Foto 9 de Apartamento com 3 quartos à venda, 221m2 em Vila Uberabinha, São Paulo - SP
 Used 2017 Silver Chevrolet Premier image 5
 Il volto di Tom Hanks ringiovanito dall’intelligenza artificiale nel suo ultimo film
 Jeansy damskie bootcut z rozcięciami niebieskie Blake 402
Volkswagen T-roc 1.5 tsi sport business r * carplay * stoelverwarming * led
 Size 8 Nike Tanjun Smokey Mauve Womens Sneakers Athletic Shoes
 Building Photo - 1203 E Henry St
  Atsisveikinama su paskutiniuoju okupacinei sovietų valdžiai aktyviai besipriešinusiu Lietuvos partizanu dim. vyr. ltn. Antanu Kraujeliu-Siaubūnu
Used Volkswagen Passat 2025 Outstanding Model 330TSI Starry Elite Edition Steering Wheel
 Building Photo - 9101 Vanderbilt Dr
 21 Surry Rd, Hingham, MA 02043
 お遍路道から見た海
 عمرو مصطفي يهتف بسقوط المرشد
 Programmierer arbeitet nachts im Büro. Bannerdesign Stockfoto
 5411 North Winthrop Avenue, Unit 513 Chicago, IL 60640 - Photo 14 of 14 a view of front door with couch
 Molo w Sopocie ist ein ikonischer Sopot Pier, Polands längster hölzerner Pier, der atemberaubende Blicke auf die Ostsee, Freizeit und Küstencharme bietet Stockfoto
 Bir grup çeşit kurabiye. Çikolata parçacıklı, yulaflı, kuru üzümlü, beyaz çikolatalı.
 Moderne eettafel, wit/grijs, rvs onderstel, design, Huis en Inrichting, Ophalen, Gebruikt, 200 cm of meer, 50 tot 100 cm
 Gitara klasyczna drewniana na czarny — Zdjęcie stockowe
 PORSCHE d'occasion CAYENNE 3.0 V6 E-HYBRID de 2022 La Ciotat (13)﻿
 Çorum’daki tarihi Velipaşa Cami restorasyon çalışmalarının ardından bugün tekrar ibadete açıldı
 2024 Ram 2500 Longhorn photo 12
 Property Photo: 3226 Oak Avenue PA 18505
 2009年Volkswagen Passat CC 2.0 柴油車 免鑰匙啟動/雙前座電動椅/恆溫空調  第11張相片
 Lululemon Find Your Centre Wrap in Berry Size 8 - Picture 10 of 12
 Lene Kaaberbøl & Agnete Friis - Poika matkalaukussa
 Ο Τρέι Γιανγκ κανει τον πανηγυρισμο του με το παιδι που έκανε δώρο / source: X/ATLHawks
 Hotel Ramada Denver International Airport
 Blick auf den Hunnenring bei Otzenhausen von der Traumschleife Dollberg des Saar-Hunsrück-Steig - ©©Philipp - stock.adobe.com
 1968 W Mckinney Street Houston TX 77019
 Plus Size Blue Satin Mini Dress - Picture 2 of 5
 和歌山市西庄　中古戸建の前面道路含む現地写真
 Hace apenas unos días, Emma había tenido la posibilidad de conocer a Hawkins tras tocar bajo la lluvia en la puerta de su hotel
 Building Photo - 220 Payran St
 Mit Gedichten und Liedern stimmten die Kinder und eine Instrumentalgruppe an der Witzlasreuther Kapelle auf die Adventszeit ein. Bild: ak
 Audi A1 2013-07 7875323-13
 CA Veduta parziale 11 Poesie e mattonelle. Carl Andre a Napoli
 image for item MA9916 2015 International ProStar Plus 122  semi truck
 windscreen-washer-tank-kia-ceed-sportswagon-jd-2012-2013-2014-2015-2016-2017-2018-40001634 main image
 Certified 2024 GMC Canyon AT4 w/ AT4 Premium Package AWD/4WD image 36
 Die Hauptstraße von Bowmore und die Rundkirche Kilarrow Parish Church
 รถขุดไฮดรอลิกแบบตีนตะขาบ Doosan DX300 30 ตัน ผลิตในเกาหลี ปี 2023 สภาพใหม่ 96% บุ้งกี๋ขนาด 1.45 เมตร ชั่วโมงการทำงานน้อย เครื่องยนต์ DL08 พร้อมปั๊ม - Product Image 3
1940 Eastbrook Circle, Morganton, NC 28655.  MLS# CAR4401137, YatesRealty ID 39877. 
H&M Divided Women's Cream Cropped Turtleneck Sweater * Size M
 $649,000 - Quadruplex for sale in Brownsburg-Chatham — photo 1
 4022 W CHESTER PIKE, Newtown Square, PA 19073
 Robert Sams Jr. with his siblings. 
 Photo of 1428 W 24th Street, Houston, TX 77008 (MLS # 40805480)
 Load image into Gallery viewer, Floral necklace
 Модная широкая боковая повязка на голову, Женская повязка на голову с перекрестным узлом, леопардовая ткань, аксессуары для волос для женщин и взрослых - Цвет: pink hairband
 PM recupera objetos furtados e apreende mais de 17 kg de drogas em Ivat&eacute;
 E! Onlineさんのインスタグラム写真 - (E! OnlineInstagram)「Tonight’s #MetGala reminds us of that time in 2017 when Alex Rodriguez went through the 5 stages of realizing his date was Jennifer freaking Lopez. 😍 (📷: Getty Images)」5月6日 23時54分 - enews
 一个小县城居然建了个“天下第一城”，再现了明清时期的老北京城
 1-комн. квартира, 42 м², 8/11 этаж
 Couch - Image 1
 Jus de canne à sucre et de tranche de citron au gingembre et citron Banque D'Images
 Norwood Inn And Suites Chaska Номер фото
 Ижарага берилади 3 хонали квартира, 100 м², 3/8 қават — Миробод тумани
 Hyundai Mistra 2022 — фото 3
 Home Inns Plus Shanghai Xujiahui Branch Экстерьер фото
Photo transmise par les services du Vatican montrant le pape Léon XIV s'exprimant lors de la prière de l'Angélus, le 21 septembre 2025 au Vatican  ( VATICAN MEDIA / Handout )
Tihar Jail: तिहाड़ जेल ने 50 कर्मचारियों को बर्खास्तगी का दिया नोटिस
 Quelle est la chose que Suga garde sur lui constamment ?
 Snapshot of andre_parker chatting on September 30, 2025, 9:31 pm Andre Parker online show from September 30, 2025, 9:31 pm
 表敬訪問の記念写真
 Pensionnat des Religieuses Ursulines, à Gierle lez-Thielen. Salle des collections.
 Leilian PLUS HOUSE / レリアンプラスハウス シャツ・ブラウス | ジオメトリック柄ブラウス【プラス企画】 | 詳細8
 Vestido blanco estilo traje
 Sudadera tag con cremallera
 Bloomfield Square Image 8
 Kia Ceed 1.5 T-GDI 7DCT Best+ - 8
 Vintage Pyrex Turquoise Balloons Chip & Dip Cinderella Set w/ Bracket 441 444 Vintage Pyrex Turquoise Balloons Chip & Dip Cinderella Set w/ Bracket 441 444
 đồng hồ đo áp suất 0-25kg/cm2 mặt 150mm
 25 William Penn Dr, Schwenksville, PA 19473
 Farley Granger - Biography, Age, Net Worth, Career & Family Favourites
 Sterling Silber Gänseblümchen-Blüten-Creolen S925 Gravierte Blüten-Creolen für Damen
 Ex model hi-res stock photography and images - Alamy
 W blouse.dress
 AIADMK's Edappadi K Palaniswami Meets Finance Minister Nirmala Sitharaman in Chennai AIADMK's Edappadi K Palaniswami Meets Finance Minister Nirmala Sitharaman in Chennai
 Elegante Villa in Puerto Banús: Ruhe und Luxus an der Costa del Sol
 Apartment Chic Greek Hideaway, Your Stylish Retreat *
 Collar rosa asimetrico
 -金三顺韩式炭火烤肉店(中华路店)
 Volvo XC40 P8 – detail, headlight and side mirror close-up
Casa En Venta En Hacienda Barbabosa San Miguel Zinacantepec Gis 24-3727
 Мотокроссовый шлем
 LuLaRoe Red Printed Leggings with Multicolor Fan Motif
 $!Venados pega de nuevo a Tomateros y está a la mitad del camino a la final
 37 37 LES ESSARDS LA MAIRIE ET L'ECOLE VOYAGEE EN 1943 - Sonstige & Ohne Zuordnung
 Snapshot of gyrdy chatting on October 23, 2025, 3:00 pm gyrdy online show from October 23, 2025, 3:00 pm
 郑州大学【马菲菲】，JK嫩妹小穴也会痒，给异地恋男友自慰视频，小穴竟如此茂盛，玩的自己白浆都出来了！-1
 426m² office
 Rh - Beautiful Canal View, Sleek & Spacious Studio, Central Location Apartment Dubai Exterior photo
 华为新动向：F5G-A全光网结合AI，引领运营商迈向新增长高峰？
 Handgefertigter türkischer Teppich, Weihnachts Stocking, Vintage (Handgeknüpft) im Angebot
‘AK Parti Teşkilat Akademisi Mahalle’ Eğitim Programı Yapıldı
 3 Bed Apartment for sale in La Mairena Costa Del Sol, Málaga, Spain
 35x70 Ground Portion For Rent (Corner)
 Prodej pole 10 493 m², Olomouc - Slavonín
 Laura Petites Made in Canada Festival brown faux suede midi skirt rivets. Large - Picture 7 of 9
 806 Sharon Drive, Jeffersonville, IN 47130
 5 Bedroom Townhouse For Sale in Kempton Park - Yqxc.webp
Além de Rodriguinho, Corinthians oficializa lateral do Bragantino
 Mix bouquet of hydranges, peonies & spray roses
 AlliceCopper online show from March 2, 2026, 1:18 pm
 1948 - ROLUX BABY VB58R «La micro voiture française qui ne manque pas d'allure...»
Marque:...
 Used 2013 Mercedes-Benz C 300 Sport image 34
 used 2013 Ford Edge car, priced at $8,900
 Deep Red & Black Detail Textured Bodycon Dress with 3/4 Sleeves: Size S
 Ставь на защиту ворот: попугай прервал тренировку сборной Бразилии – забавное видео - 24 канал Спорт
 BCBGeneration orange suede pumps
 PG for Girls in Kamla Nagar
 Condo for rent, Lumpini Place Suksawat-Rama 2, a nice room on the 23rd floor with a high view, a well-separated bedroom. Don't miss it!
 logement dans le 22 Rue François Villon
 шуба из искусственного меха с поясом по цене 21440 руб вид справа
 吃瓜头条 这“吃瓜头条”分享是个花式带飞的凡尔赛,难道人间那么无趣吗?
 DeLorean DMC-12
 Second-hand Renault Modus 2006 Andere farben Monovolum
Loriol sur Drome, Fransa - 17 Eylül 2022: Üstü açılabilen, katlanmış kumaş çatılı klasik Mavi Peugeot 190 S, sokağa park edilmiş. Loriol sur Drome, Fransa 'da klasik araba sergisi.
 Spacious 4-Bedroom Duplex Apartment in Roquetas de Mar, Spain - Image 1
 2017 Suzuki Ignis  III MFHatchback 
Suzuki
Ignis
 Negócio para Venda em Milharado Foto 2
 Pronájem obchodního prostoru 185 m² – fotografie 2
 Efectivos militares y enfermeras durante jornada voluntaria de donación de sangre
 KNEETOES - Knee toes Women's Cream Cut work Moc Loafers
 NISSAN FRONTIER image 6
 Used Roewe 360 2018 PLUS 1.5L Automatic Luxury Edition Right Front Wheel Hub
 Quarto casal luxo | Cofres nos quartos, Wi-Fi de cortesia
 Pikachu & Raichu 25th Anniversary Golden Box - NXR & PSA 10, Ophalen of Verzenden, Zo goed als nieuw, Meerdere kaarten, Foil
===============
=== REQUIREMENT ===
Above are the entries. Quote exactly the lines from the one bearing "Certified 2024 GMC" through the one bearing "รถขุดไฮดรอลิกแบบตีนตะขาบ Doosan DX300".

=== RESULT ===
 Certified 2024 GMC Canyon AT4 w/ AT4 Premium Package AWD/4WD image 36
 Die Hauptstraße von Bowmore und die Rundkirche Kilarrow Parish Church
 รถขุดไฮดรอลิกแบบตีนตะขาบ Doosan DX300 30 ตัน ผลิตในเกาหลี ปี 2023 สภาพใหม่ 96% บุ้งกี๋ขนาด 1.45 เมตร ชั่วโมงการทำงานน้อย เครื่องยนต์ DL08 พร้อมปั๊ม - Product Image 3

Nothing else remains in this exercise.